Grounds for impeachment?

Legal experts told me that if Trump were to do this, it could constitute grounds for impeachment — even if his legal power to do it is uncontested.

“If a president uses a pardon to buy the silence of a defendant or suspect in a criminal case, the witness will still go free,” Robert Bauer, a former White House counsel under Barack Obama, told me. “But the president could face impeachment. Congress is not bound by the requirements for formal legal liability: A High Crime as a basis for impeachment might overlap with the version in the legal system, but there is no requirement that it do. Congress makes its own determination in judging whether the president should remain in office.”

“Congress could pretty clearly use this as a basis for impeachment,” Martin Redish, a professor of constitutional law at Northwestern University, added in an email to me. “This isn’t just another controversial move by a controversial president. This is the first salvo in a war for the survival of American constitutionalism.”

Now, we do not know whether Trump will go through with something like this. We do not even know where special counsel Robert S. Mueller’s probe is heading. But the point is that members of Congress could be putting Trump on notice right now that if he does resort to such measures, Congress will not tolerate it.

“When it comes to this president’s trampling of our constitutional norms, silence is complicity,” Schiff told me. “People need to send a message to the president that the pardon power cannot be used as a way of preventing the implementation of justice when it comes to the Russia probe or any other.”
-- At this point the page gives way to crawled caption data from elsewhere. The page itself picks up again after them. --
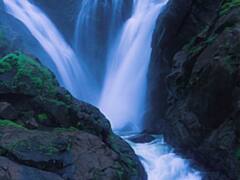 Viral Video: అడ్డదారిలో ట్రెకింగ్ కోసం వెళ్లిన టూరిస్ట్‌లకు పనిష్‌మెంట్, గుంజీలు తీయించిన రైల్వే పోలీసులు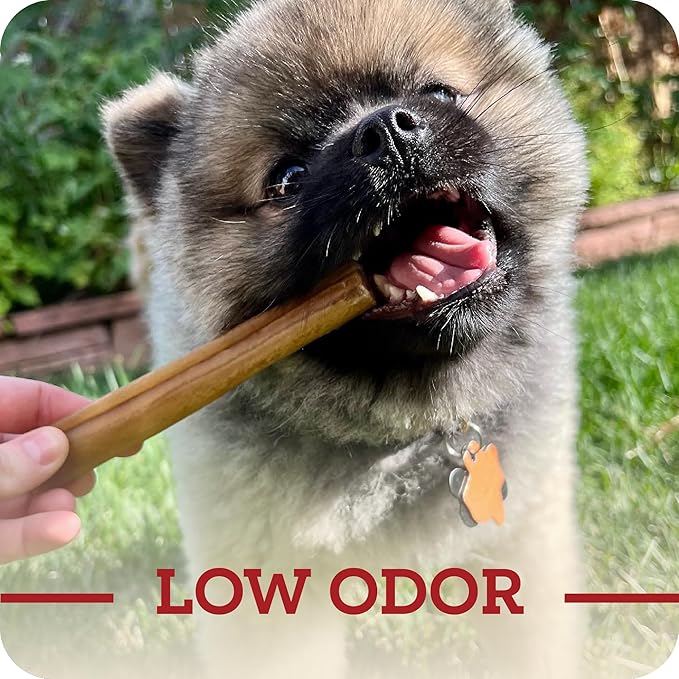 Beef Collagen Sticks - Long Lasting Chews. Bully Sticks Alternative, High Protein Dental Treats with Natural Collagen for Dogs. Supports Joint, Skin & Coat Health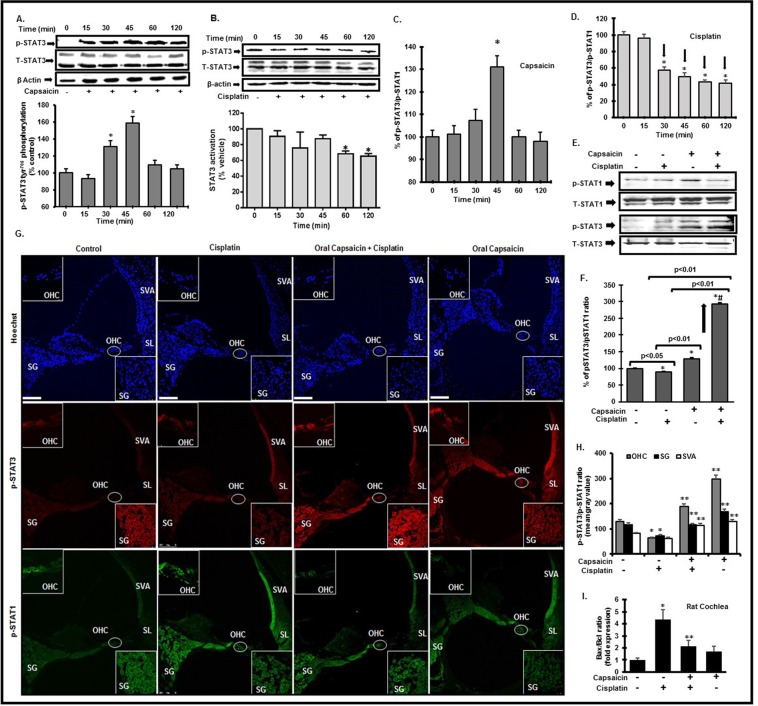 Capsaicin activates both STAT1 and STAT3, while cisplatin activates STAT1 and suppresses pro-survival STAT3. (A,B) UB/OC1 cells treated with capsaicin (2.5 µM) demonstrated significantly increased Tyr705 p-STAT3 after 30 and 45 min (A). Cisplatin (2.5 µM) treatment suppressed the Tyr705–p-STAT3 (B) in a sustained and significant manner at 120 minutes. (C) Capsaicin treatment significantly increased the ratio of p-STAT3/p-STAT1 in a transient manner at 45 minutes. (D) Cisplatin treatment persistently and significantly decreased the p-STAT3/p-STAT1 ratio. (E,F) UB/OC1 cells were pretreated with capsaicin (2.5 µM) for 30 minutes followed by cisplatin (2.5 µM) treatment for 45 minutes. Cisplatin increases p-STAT1 significantly, with no change in p-STAT3 phosphorylation, while capsaicin increased p-STAT1 and p-STAT3 significantly. Capsaicin + cisplatin treatment decreased p-STAT1 significantly with a concomitant significant increase in p-STAT3 activation. Graphical analyses of p-STAT3/p-STAT1 ratio indicates that cisplatin significantly decreased the p-STAT3/p-STAT1 ratio compared to control, capsaicin significantly increased p-STAT3/p-STAT1 ratio compared to cisplatin. Capsaicin + cisplatin group showed a significant increase in p-STAT3/p-STAT1 ratio compared to all the groups, possibly due to significant increase in p-STAT3 activation and significant decrease in p-STAT1 activation. (G) Mid-modiolar sections of cochleae from rats treated with sterile PBS, i.p. (vehicle), capsaicin (20 mg/kg) or cisplatin (11 mg/Kg, i.p) for 72 hours were immunolabeled for Ser727-p-STAT1 (green) or Tyr705-p-STAT3 (red) and imaged using confocal microscopy (insets: 100X magnification). Cisplatin increased Ser727-p-STAT1 staining at 72 h post administration, while capsaicin treatment did not alter p-STAT1 compared to control in the cochlea. Capsaicin (72 h) increased Tyr705-p-STAT3 staining, while cisplatin (72 h) suppressed the Tyr705-p-STAT3 staining. Asterisks (*) indicate statistically significant difference from 0 min or control cells (p < 0.05); double asterisks (**) indicate statistically significant difference from cisplatin (p < 0.05); (n = 4). Scale bar is 100 µm. (H) Graphical representation of p-STAT3/p-STAT1 ratio of the different cochlear regions as analyzed by image J software. (I) Cochlear gene expression by q-PCR indicates that cisplatin treatment increased the Bax/Bcl-2 ratio, which was abrogated by capsaicin pre-treatment.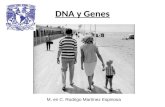 Dna y genes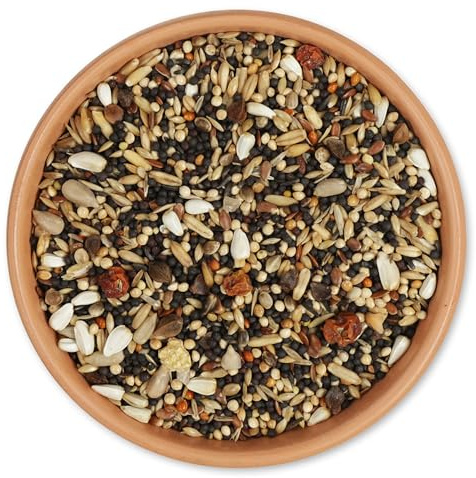 CJ Wildlife Vogelfutter Wildvögel für Sommer 2kg – Wildvogelfutter – 100% Natürlich ohne Zusatzstoffe – Proteinreich mit Mind. 15% Eiweiß – Sommerfutter für warme Temperaturen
Schiff said that if a clear alarm is not sounded, the message Trump will get is that “he won’t face a political price or a constitutional crisis if he were to pardon anyone else who is a supporter of is, no matter what their violation may be.”

Obviously, Trump — who fired the FBI director over the Russia probe after reportedly demanding his loyalty, and publicly raged at his attorney general for failing to protect him from it — cannot be dissuaded from such a course of action via appeals to norms or to the rule of law or to any sense of obligation to the American public, which deserves a full accounting of the Russia affair. But Trump does appear to have a survival instinct of sorts that kicks in at moments like this: He reportedly was seriously considering trying to remove Mueller but was talked out of it by his staff.

And so, if Trump is persuaded that Congress will not tolerate it if Trump exercises pardons in the context of the Russia probe, perhaps he’d be less likely to go through with it, which could ultimately spare him from facing a congressional response. True, we can argue all day over whether Republicans actually would or wouldn’t impeach Trump if he went full authoritarian in this manner. But isn’t it in their best interests to do whatever they can right now to avoid a scenario in which they would be faced with this choice?

* TRUMP ORGANIZATION PURSUED MASSIVE RUSSIA DEAL: The Post scoops that Trump’s business organization sought to develop a massive tower in Moscow during the early parts of the campaign. Note this:

The details of the deal … provide evidence that Trump’s business was actively pursuing significant commercial interests in Russia at the same time he was campaigning to be president — and in a position to determine U.S.-Russia relations. The new details from the emails, which are scheduled to be turned over to congressional investigators soon, also point to the likelihood of additional contacts between Russia-connected individuals and Trump associates during his presidential bid.

The deal never came together, but that last bit suggests that this story will likely yield more revelations.